##### Data supplied #####

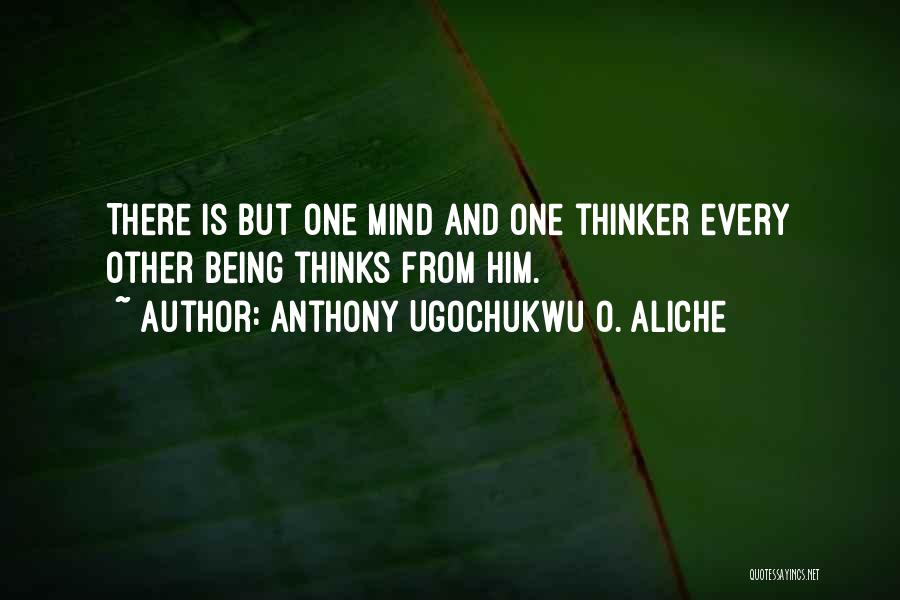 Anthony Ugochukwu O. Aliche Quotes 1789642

#####
##### Data supplied #####

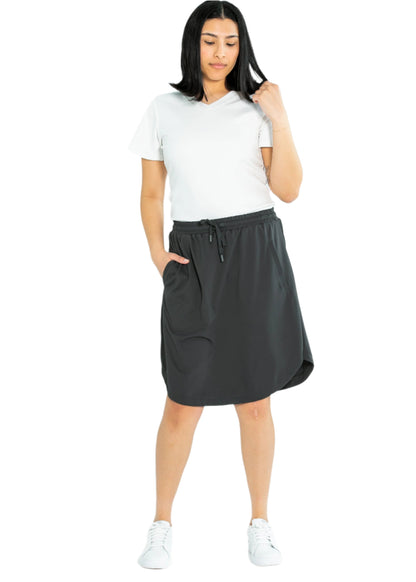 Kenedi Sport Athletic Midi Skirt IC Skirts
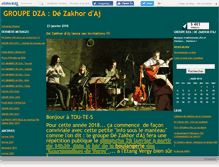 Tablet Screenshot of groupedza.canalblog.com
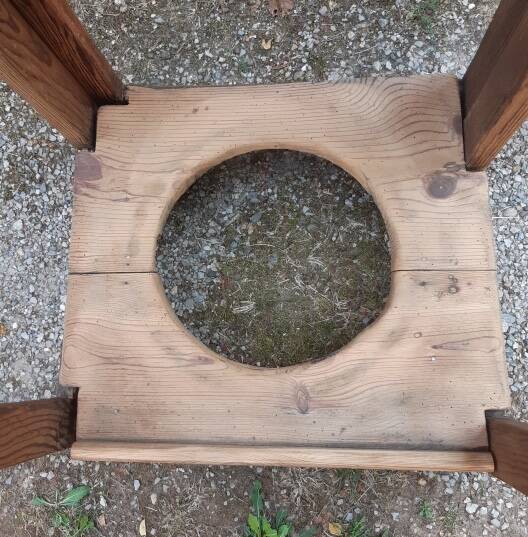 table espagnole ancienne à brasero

#####

— What the task asks —
Could you write out exactly the lines of the data above that run from the one holding "Kenedi Sport Athletic Midi Skirt IC Skirts" to the one holding "table espagnole ancienne à brasero", with both ends in and all pictures out?

— Answer to the problem —
 Kenedi Sport Athletic Midi Skirt IC Skirts
 Tablet Screenshot of groupedza.canalblog.com
 table espagnole ancienne à brasero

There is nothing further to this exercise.